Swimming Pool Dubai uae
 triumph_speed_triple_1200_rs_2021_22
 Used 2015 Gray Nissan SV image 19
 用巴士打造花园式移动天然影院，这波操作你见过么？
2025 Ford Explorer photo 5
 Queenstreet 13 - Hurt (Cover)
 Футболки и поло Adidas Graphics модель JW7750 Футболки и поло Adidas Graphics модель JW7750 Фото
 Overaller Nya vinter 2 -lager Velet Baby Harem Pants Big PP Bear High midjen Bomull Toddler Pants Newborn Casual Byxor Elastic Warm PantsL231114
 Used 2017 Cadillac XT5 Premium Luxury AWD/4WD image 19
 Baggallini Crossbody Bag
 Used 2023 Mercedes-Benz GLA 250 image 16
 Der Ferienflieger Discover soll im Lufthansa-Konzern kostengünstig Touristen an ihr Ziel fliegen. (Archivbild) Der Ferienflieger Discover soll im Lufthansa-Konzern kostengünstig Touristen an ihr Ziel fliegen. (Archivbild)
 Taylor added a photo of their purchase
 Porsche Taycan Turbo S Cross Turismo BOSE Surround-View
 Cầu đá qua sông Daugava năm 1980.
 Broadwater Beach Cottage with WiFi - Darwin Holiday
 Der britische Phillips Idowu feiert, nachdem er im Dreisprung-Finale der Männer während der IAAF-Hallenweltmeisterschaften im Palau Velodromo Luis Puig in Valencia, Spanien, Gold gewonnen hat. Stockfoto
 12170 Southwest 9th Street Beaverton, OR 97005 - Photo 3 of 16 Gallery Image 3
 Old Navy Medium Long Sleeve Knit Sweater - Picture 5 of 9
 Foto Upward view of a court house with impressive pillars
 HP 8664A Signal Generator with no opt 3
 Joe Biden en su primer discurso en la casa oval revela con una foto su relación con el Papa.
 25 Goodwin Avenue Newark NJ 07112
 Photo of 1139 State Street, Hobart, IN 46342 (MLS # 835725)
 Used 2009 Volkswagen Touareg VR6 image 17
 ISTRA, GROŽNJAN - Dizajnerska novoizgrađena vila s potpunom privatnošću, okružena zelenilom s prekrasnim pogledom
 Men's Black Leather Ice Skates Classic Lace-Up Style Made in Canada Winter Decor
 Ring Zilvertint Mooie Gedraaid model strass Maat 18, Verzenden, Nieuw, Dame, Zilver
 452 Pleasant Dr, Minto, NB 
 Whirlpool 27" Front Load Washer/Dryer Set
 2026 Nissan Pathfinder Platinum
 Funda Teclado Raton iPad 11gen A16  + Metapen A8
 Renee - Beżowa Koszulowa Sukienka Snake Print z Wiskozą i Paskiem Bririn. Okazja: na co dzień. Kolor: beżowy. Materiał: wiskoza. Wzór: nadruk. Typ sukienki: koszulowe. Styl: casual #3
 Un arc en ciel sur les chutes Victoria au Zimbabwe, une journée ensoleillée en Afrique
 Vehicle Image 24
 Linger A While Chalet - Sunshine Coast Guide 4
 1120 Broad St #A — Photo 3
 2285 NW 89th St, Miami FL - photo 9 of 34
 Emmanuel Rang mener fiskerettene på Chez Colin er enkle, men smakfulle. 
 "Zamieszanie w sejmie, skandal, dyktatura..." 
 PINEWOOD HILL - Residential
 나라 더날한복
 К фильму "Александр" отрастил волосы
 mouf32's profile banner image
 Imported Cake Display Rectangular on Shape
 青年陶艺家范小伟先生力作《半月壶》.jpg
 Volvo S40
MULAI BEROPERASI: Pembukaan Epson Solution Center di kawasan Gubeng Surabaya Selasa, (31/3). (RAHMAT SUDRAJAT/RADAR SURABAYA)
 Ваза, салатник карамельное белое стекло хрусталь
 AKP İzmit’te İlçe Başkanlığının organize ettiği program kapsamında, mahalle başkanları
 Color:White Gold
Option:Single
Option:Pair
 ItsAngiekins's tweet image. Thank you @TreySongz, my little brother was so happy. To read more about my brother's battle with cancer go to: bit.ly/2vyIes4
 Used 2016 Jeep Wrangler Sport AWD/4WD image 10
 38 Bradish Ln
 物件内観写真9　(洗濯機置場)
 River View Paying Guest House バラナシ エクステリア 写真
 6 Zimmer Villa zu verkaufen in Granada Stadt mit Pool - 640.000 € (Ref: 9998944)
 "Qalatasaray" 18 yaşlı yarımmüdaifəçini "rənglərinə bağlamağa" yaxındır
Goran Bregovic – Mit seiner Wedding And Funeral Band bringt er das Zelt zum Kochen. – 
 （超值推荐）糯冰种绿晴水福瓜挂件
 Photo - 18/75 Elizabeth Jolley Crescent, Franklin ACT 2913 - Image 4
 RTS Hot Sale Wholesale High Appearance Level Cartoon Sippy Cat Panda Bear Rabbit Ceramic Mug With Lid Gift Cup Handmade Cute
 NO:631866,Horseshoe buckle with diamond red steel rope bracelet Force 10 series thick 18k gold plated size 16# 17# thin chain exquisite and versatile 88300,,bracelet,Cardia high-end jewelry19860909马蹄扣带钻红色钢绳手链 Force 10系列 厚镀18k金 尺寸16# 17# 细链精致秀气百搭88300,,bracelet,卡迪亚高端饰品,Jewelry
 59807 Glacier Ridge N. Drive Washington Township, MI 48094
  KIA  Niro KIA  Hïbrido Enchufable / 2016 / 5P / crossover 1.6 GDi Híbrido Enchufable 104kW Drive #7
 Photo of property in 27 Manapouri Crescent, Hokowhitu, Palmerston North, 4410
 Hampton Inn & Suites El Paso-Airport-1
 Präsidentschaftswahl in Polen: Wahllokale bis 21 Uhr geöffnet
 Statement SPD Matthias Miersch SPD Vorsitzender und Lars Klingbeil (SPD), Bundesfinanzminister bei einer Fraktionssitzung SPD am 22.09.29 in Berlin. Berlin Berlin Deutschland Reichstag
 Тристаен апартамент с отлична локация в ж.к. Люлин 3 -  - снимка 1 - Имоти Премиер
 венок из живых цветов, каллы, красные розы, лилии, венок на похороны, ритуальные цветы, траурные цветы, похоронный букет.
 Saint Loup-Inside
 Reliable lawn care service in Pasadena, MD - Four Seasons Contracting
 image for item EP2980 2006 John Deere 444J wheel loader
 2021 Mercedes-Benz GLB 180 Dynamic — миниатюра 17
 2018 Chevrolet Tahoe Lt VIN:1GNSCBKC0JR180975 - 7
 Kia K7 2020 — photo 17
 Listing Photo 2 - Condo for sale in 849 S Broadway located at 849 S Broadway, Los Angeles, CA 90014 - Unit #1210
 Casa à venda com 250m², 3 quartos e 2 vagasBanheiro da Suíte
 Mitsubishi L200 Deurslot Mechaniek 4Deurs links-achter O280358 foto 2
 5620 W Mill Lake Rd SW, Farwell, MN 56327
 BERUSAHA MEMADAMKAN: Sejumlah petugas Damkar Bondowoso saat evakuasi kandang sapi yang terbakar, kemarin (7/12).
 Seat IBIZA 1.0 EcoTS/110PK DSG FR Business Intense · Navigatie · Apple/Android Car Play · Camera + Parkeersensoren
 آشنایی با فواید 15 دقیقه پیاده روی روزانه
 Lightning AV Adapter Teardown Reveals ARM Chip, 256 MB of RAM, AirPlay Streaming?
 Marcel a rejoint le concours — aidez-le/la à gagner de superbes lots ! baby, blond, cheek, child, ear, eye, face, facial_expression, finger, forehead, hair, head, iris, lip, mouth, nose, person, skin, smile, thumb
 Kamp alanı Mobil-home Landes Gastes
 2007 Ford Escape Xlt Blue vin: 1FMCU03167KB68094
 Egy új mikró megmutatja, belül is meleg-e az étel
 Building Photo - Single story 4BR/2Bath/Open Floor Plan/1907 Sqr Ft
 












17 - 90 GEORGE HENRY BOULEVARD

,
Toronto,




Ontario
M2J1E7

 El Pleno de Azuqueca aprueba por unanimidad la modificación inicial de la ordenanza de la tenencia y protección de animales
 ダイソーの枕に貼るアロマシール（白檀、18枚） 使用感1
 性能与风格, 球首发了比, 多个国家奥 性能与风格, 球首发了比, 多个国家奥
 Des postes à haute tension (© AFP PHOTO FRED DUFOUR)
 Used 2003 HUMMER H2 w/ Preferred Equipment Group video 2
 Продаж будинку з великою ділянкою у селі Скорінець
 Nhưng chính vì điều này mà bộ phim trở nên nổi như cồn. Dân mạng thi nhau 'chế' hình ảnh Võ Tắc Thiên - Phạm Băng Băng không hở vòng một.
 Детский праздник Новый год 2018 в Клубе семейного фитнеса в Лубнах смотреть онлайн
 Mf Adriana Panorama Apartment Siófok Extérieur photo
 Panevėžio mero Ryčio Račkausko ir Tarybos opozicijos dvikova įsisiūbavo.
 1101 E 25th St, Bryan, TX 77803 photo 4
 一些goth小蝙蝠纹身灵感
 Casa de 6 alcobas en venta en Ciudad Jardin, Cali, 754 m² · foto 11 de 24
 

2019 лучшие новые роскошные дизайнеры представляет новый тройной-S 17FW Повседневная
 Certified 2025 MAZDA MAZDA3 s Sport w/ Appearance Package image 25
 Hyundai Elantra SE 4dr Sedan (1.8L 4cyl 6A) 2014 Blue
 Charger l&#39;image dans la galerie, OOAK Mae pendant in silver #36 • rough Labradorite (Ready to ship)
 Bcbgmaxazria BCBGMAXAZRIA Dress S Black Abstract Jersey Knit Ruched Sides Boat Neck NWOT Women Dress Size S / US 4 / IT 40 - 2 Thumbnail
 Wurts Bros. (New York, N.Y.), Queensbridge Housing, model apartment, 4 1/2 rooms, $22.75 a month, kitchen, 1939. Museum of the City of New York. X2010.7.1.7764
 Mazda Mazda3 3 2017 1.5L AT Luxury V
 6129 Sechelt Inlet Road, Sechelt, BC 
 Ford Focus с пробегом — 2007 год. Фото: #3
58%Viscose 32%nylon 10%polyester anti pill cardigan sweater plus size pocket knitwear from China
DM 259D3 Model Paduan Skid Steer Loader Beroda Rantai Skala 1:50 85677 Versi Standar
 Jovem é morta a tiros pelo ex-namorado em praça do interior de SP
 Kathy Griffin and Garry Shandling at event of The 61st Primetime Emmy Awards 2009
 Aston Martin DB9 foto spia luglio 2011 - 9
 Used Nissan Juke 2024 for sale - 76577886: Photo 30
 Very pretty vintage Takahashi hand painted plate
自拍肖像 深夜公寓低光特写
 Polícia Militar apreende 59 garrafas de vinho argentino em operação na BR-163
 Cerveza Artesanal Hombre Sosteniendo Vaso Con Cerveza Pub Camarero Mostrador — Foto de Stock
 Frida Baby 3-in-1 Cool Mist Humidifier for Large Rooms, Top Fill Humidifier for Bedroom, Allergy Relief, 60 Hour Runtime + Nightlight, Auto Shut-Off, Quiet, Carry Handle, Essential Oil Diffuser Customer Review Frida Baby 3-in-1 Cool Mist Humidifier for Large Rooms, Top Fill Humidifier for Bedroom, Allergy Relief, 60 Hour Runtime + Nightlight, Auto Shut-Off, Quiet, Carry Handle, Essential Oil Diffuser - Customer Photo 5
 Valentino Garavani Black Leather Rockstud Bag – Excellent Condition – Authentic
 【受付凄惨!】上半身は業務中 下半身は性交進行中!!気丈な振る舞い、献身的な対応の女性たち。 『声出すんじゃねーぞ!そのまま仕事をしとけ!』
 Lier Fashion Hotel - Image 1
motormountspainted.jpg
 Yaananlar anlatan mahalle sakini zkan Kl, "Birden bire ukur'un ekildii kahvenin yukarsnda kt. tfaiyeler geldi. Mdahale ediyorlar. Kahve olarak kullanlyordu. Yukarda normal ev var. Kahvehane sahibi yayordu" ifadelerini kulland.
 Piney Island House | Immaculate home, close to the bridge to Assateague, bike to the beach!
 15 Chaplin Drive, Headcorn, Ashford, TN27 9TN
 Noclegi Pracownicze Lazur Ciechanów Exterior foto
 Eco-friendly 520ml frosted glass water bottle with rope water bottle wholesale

※ ※ ※

* Work to be completed *
In the data above, find the line with "Taylor added a photo of their purchase" and the line with "Foto Upward view". Retype both, plus every line between them, exactly.

* Written response *
 Taylor added a photo of their purchase
 Porsche Taycan Turbo S Cross Turismo BOSE Surround-View
 Cầu đá qua sông Daugava năm 1980.
 Broadwater Beach Cottage with WiFi - Darwin Holiday
 Der britische Phillips Idowu feiert, nachdem er im Dreisprung-Finale der Männer während der IAAF-Hallenweltmeisterschaften im Palau Velodromo Luis Puig in Valencia, Spanien, Gold gewonnen hat. Stockfoto
 12170 Southwest 9th Street Beaverton, OR 97005 - Photo 3 of 16 Gallery Image 3
 Old Navy Medium Long Sleeve Knit Sweater - Picture 5 of 9
 Foto Upward view of a court house with impressive pillars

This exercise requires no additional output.